Unicode Error for single word queries on FTS3

ramcharran commented 7 years ago

All the advanced queries in my application work, except for single word searches like - SELECT title, book, author, link, snippet(text_idx) FROM text_idx WHERE text_idx MATCH 'possumus'; and OR searches like SELECT title, book, author, link, snippet(text_idx) FROM text_idx WHERE text_idx MATCH 'quam OR Galliae';

The application exits at line cursor.fetchall()

with the following error when the queries similar to the ones mentioned above are run. UnicodeDecodeError: 'utf-8' codec can't decode byte 0xe2 in position 105: invalid continuation byte

hideaki-t commented 7 years ago

Hi,

I need more information. I could not reproduce it. as far as I've seen, there is no such byte(0xe2) in the MATCH clauses, also they are not that long(position 105).

can you provide more details? for example,

a full stack trace, I cannot see which function raised it
a minimum sample code/data to reproduce the problem

also can you try another query to hit the same expected contents?

it can be caused by snippet function if it returns an unexpected text segments. maybe you can try to cast the snippet as a BLOB like CAST(snippet(text_idx) AS BLOB).

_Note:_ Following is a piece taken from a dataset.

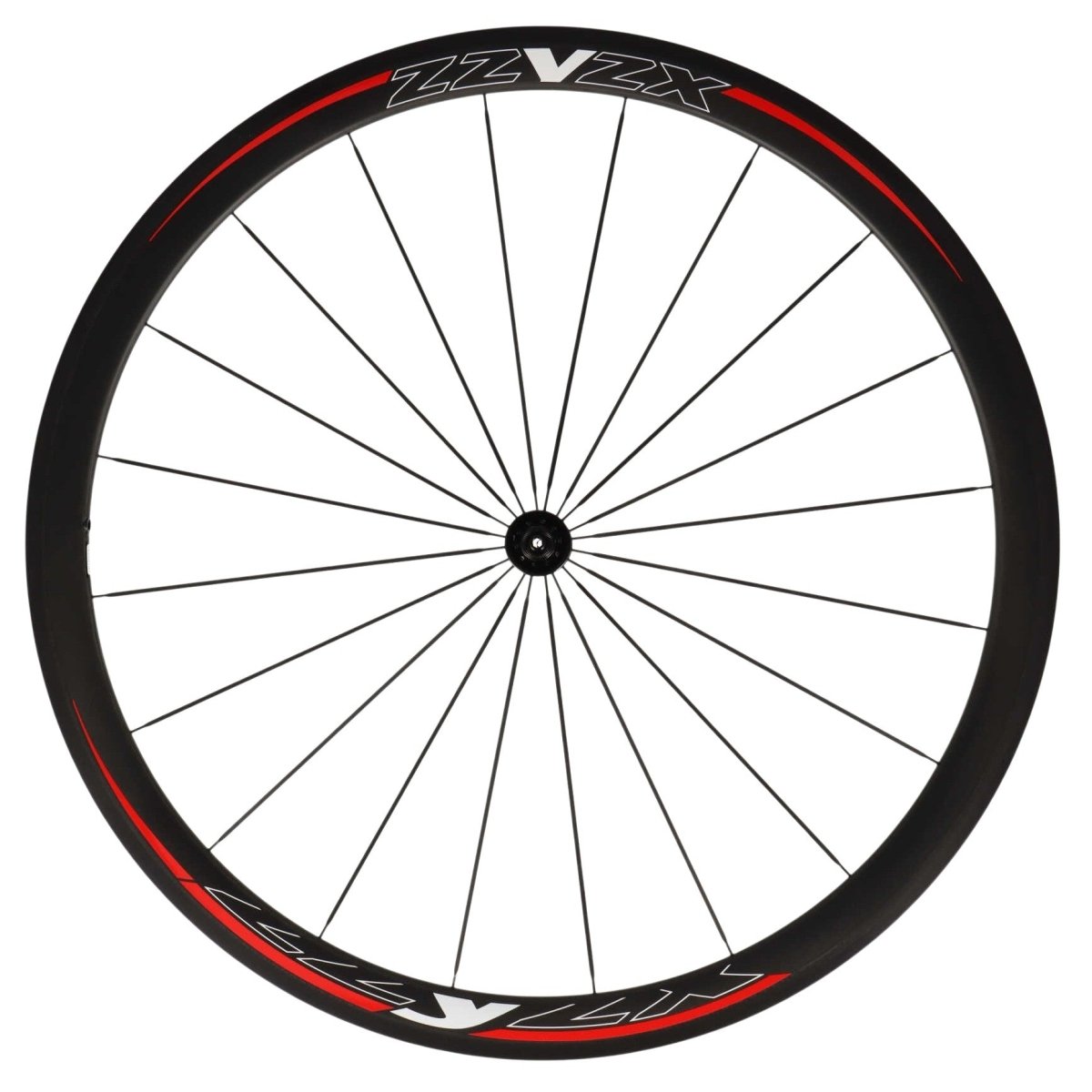 ZZYZX Carbon Laufradsatz Tubular 28" | Felgenbremsen | Schnellspanner | Shimano HG Freilauf | Schwarz Rot - RAAAD.de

ramcharran commented 7 years ago

My code is pretty much the following :

import sqlitefts as fts

connection = apsw.Connection('texts.db', flags=apsw.SQLITE_OPEN_READWRITE)
c = connection.cursor()
c.execute('SELECT title, book, author, link, snippet(text_idx) FROM text_idx  WHERE text_idx MATCH 'possumus';')
c.fetchall()
--display the results on html--

the stack trace is:

Traceback (most recent call last):
  File "/usr/local/lib/python3.5/dist-packages/flask/app.py", line 1997, in __call__
    return self.wsgi_app(environ, start_response)
  File "/usr/local/lib/python3.5/dist-packages/flask/app.py", line 1985, in wsgi_app
    response = self.handle_exception(e)
  File "/usr/local/lib/python3.5/dist-packages/flask/app.py", line 1540, in handle_exception
    reraise(exc_type, exc_value, tb)
  File "/usr/local/lib/python3.5/dist-packages/flask/_compat.py", line 33, in reraise
    raise value
  File "/usr/local/lib/python3.5/dist-packages/flask/app.py", line 1982, in wsgi_app
    response = self.full_dispatch_request()
  File "/usr/local/lib/python3.5/dist-packages/flask/app.py", line 1614, in full_dispatch_request
    rv = self.handle_user_exception(e)
  File "/usr/local/lib/python3.5/dist-packages/flask/app.py", line 1517, in handle_user_exception
    reraise(exc_type, exc_value, tb)
  File "/usr/local/lib/python3.5/dist-packages/flask/_compat.py", line 33, in reraise
    raise value
  File "/usr/local/lib/python3.5/dist-packages/flask/app.py", line 1612, in full_dispatch_request
    rv = self.dispatch_request()
  File "/usr/local/lib/python3.5/dist-packages/flask/app.py", line 1598, in dispatch_request
    return self.view_functions[rule.endpoint](**req.view_args)
  File "/home/ramcharran/phyllo/search/app.py", line 123, in search
    r = do_search(query)
  File "/home/ramcharran/phyllo/search/app.py", line 90, in do_search
    r1 = c.fetchall()
UnicodeDecodeError: 'utf-8' codec can't decode byte 0xe2 in position 105: invalid continuation byte

ramcharran commented 7 years ago

I tried CAST(snippet(text_idx) AS BLOB) it gets me the following stacktrace:

Traceback (most recent call last):
  File "/usr/local/lib/python3.5/dist-packages/sqlitefts/tokenizer.py", line 146, in xopen
    tokens = tokenizer.tokenize(ffi.string(pInput).decode('utf-8'))
UnicodeDecodeError: 'utf-8' codec can't decode byte 0xb8 in position 4031: invalid start byte

hideaki-t commented 7 years ago

I am not sure it is the same issue as yours, but I could reproduce similar problem by returning invalid offset from a tokenizer.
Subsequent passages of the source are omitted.